Milliyet’ten Mert İnan’ın yaptığı habere göre Boğaziçi Üniversitesi Kandilli Rasathanesi ve Deprem Araştırma Enstitüsü, Marmara Denizi’nden geçen 130 kilometrelik faya yönelik olarak 2013 yılından bu yana sürdürülen araştırmanın sonuçlarının bir bölümünü açıkladı.Enstitü Müdürü Prof. Dr. Haluk Özener, deniz tabanına yerleştirilen cihazlar ile gözlem yapıldığını ifade ederek, elde edilen verilere göre Tekirdağ-Şarköy açıklarından Marmara Ereğlisi açıklarına uzanan fay hattındaki deprem riskinin, Silivri’den-Büyükçekmece açıklarına uzanan orta segmentten daha düşük olarak yorumlanabileceğini dile getirdi.

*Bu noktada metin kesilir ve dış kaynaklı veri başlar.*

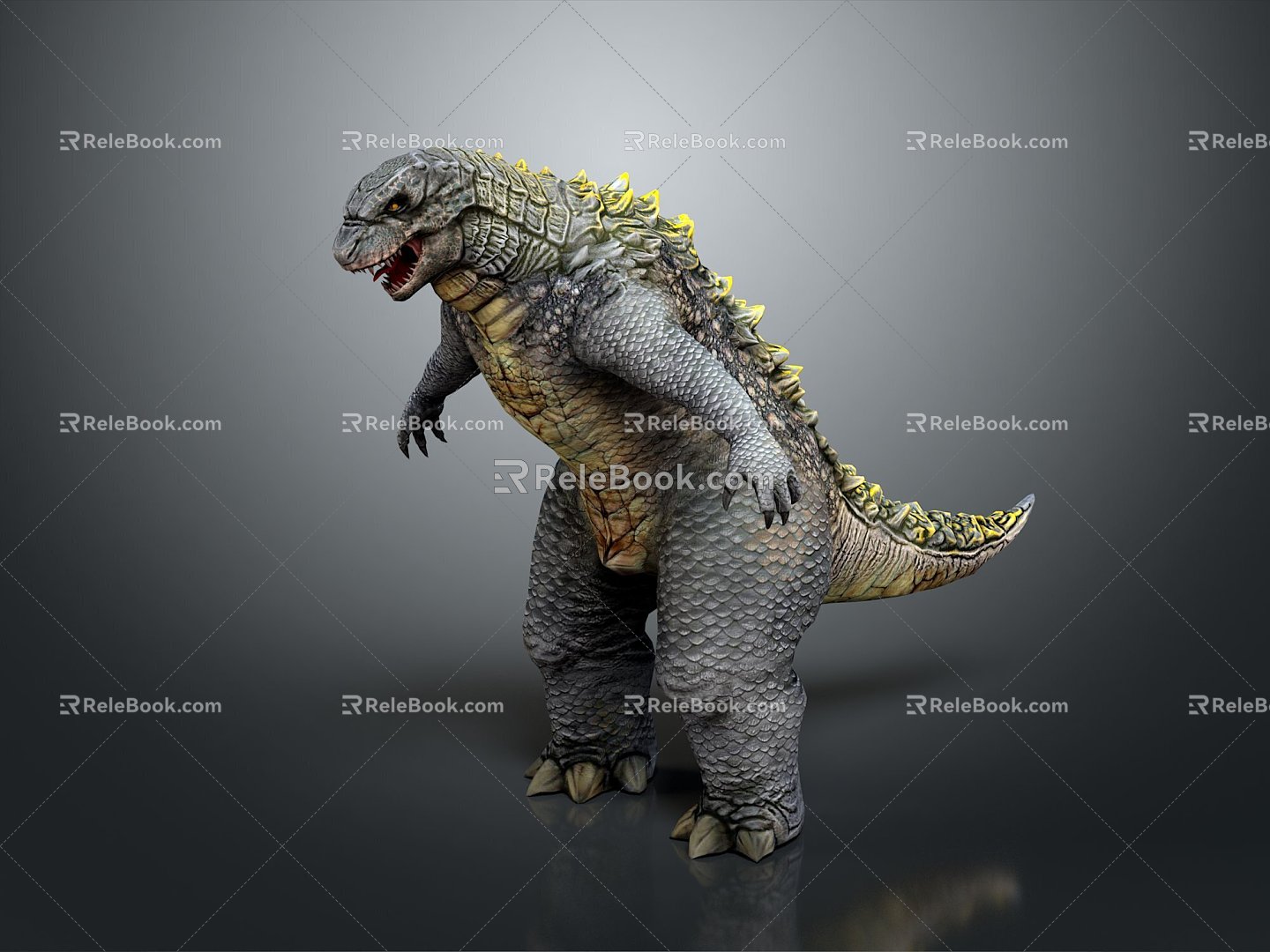 Modern Godzilla Dinosaur Jurassic Pterosaur 3d model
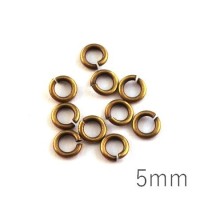 anneaux épais 5mm bronze
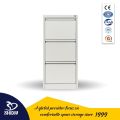 Key Lock Metal 3 Drawer Filing Cabinet Units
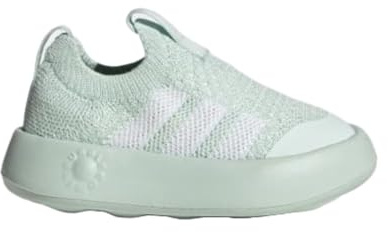 adidas Unisex Children's Bubblecomfy Shoes Infant Shoes, Halo Mint White Black, 8 Toddler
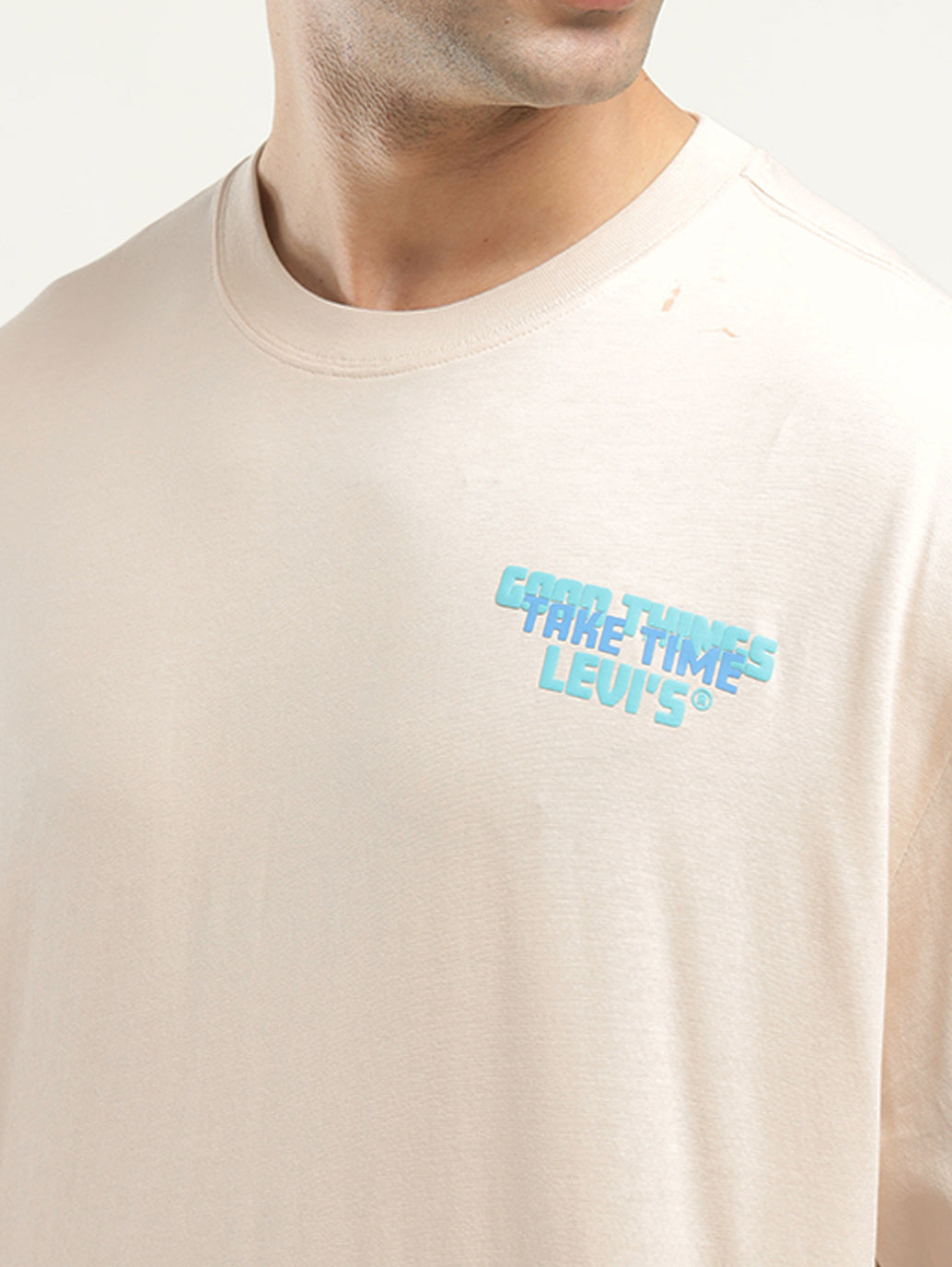 Men's Graphic Print Loose Fit T-shirt - Detail View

Prof. Dr. Haluk Özener, depremin büyüklüğünün 7’nin üzerine çıkacağını, tarih veremediklerini belirterek “Bu aşamada yapılabilecek tek şey deprem zararlarını azaltmak” dedi.
“Veriler batı segmentindeki enerjinin daha yavaş biriktiğini gösteriyor”
Kandilli Rasathanesi Bölgesel Deprem-Tsunami İzleme ve Değerlendirme Merkezi Müdürü Dr. Doğan Kalafat, denizde tek bir fay parçasının olmadığını, kendilerinin ‘batı, doğu ve orta segment’ olarak ayırdıklarını ana fay parçasının izlendiğini ifade etti.
Dr. Doğan Kalafat, batı ve orta segmentte gerçekleştirilen çalışmaların bitmek üzere olduğunu, İstanbul’daki Prens Adaları açlıklarından Çınarcık-Yalova açıklarına uzanan doğu segmentine ait verilerin salgının sona ermesiyle ele alınacağını belirtti.
Müdür, verilerin batı segmentindeki enerjinin daha yavaş biriktiğini ve alandaki depremlerin daha derinde meydana geldiğini, bu sebep ile de batı segmentte deprem potansiyelinin göreceli olarak daha az risk taşıdığı şeklinde yorumlanabildiğini kaydetti.
“Yaklaşık 250 yılı aşkın süredir deprem olmamış…”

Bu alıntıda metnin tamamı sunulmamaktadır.